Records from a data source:
▬▬▬▬▬▬

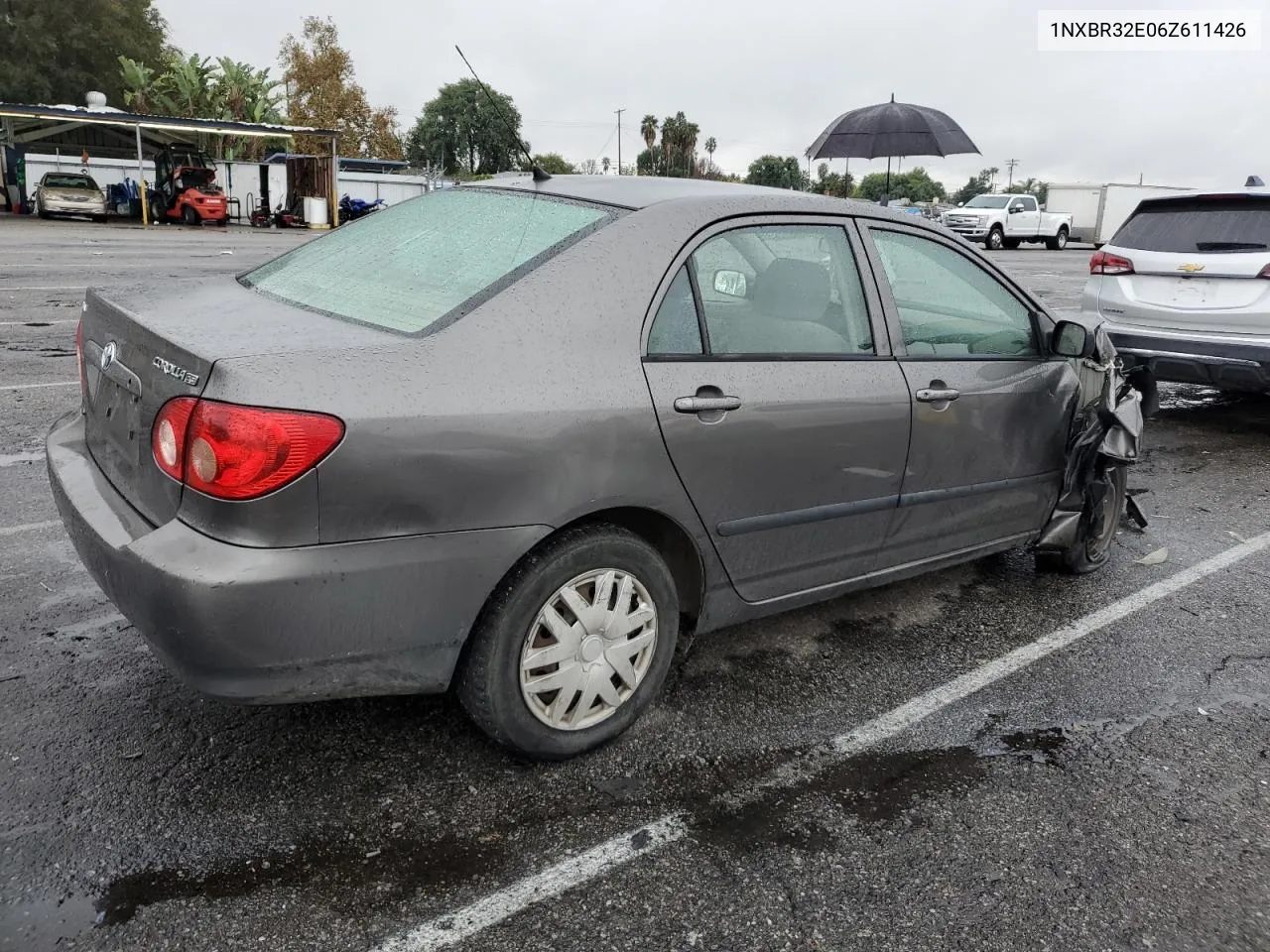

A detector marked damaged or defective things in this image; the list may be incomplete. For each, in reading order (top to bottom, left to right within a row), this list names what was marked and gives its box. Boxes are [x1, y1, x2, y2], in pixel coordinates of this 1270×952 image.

damaged gray sedan [47, 177, 1143, 758]
crumpled front end [1040, 325, 1159, 551]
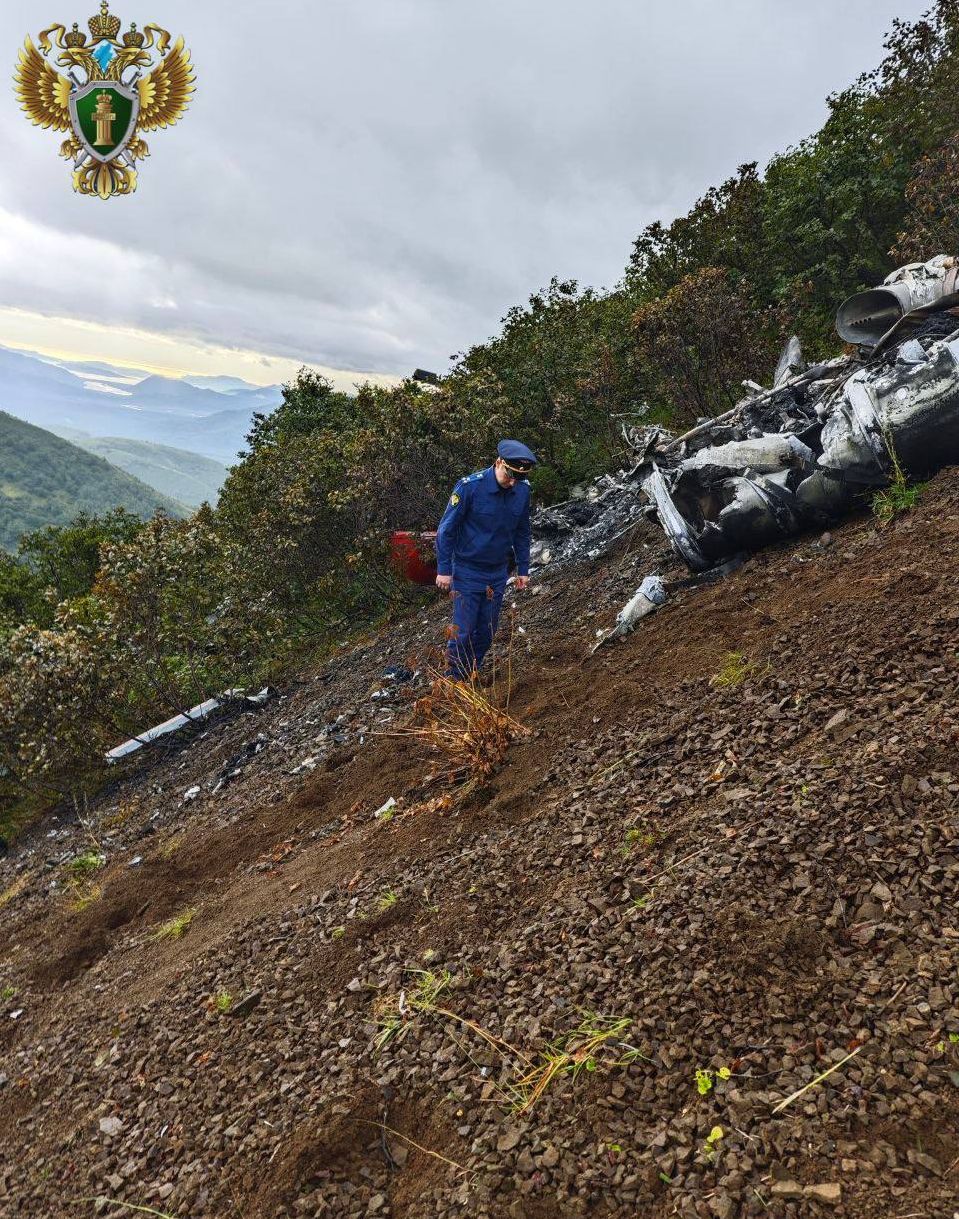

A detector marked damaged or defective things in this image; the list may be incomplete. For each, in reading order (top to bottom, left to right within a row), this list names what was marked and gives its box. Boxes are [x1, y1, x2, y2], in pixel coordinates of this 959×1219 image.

charred metal debris [532, 254, 959, 576]
burned helicopter wreckage [632, 253, 959, 576]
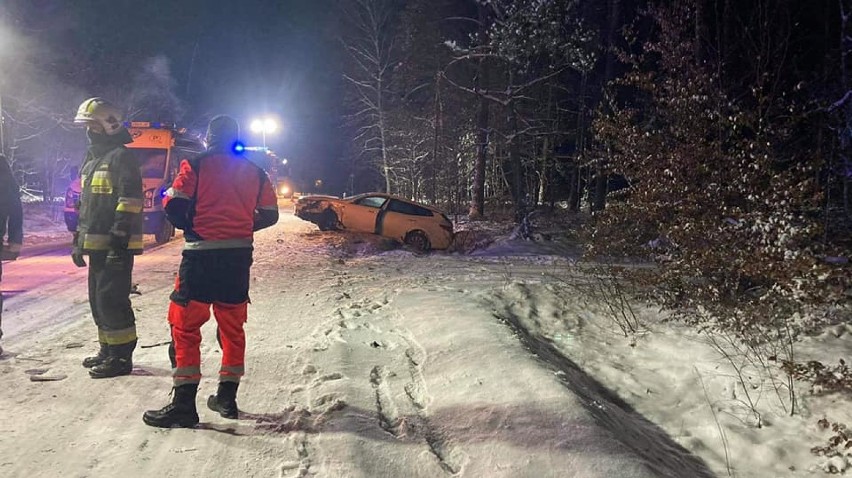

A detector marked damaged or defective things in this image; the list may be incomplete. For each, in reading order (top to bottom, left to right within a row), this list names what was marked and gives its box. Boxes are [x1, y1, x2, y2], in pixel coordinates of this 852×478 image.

▬▬▬▬▬▬

* _Brief_: Repeat the records word for word. Any picture in them should be left out.

* _Task answer_:
A detector marked damaged or defective things in this image; the list may be incomplete. For each, in reading order (top to bottom, left to right within a row), this list names what was marked and gives its box. Boxes are [x1, y1, x2, y2], in pixel coordinates of this 1270×952 image.

damaged gray sedan [47, 177, 1143, 758]
crumpled front end [1040, 325, 1159, 551]

A detector marked damaged or defective things in this image; the list may be incomplete. For each, in reading order (top to bottom, left to right within a row), this list names what was marked and gives its box. Boxes are [x1, y1, x2, y2], in pixel coordinates of this 959×1219 image.

charred metal debris [532, 254, 959, 576]
burned helicopter wreckage [632, 253, 959, 576]

A detector marked damaged or defective things in this image; the list may be incomplete. For each, in reading order (top to bottom, left to right within a row), this list names what was marked and gives its box. Boxes are [x1, y1, x2, y2], in pixel coordinates of this 852×478 image.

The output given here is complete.